**What is required**
Go through the data below and repeat it exactly, skipping each picture.

**Provided data**
= Beginning of Section =

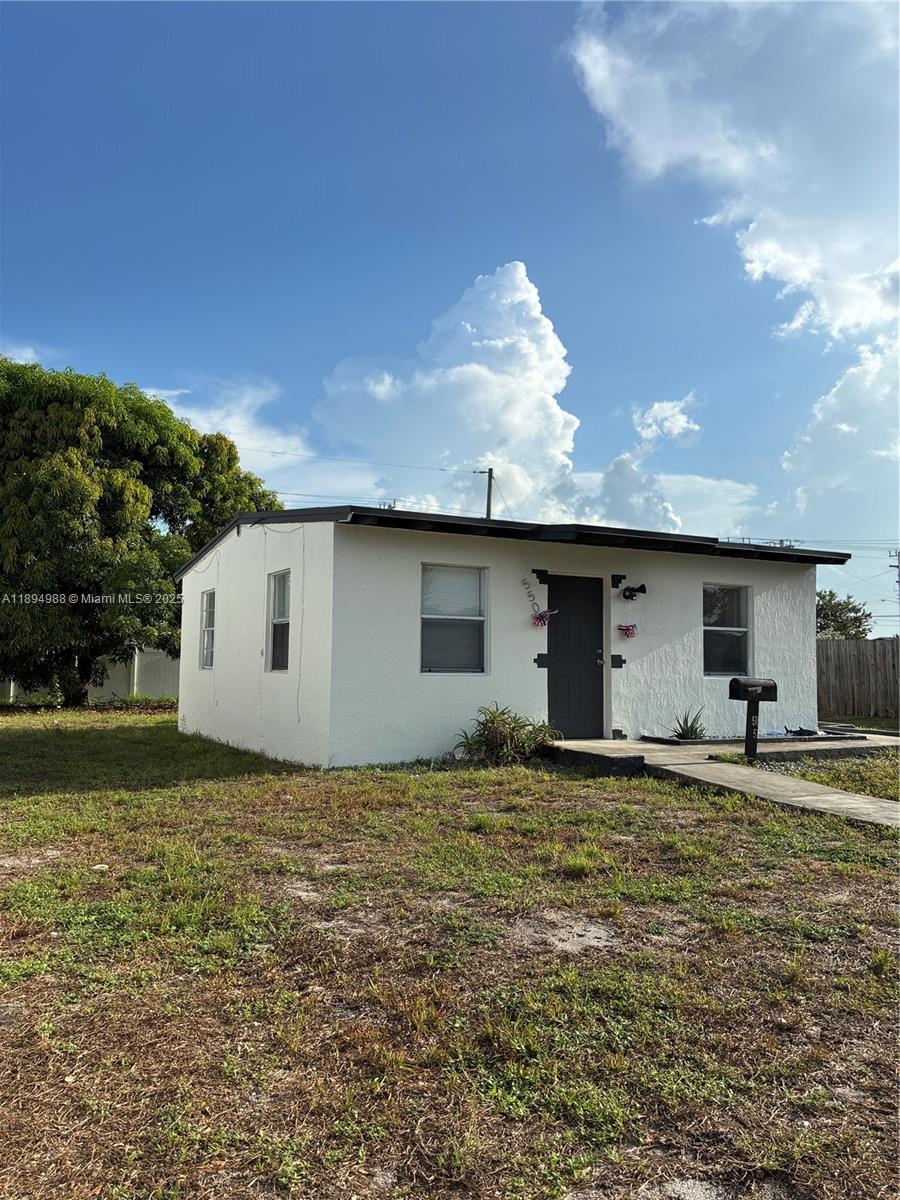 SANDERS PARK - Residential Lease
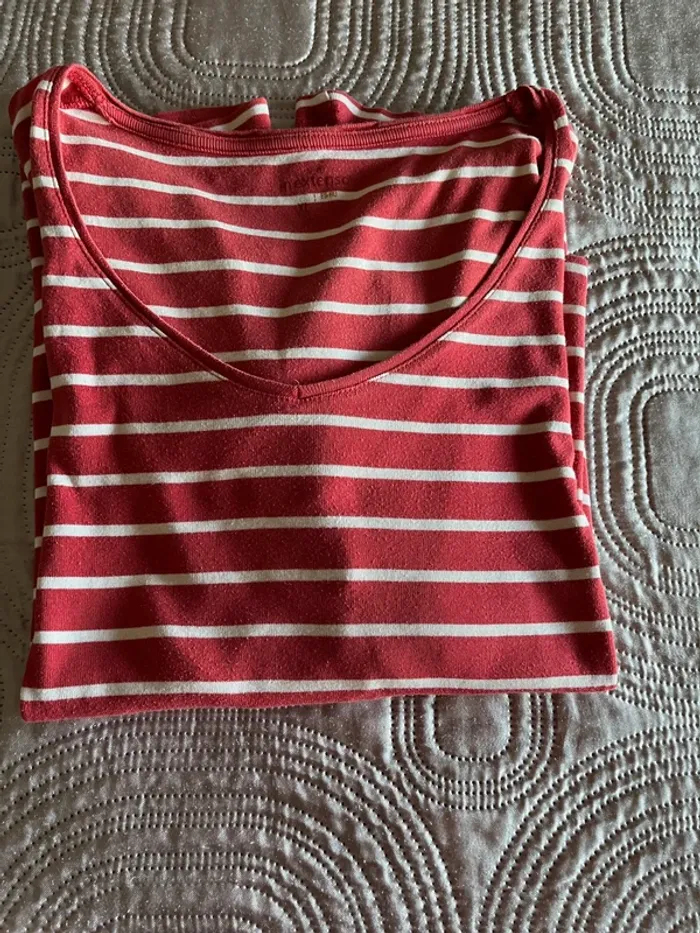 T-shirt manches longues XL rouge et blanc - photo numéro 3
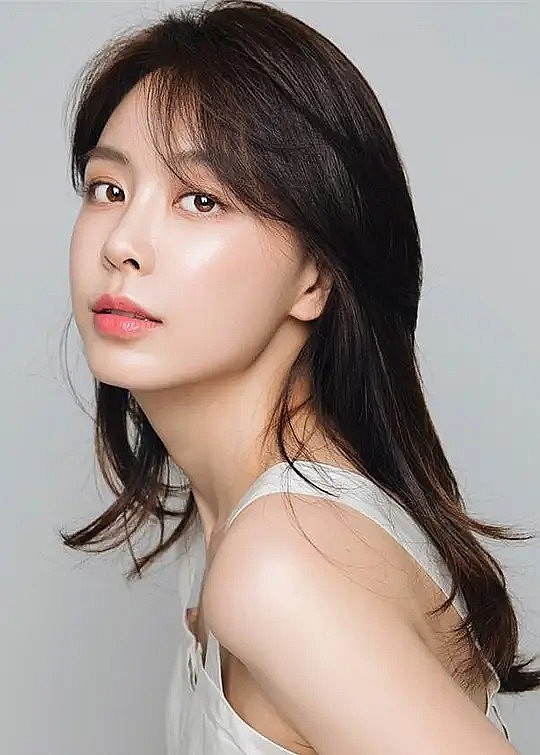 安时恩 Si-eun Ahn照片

= End of Section =

**Result for this task**
 SANDERS PARK - Residential Lease
 T-shirt manches longues XL rouge et blanc - photo numéro 3
 安时恩 Si-eun Ahn照片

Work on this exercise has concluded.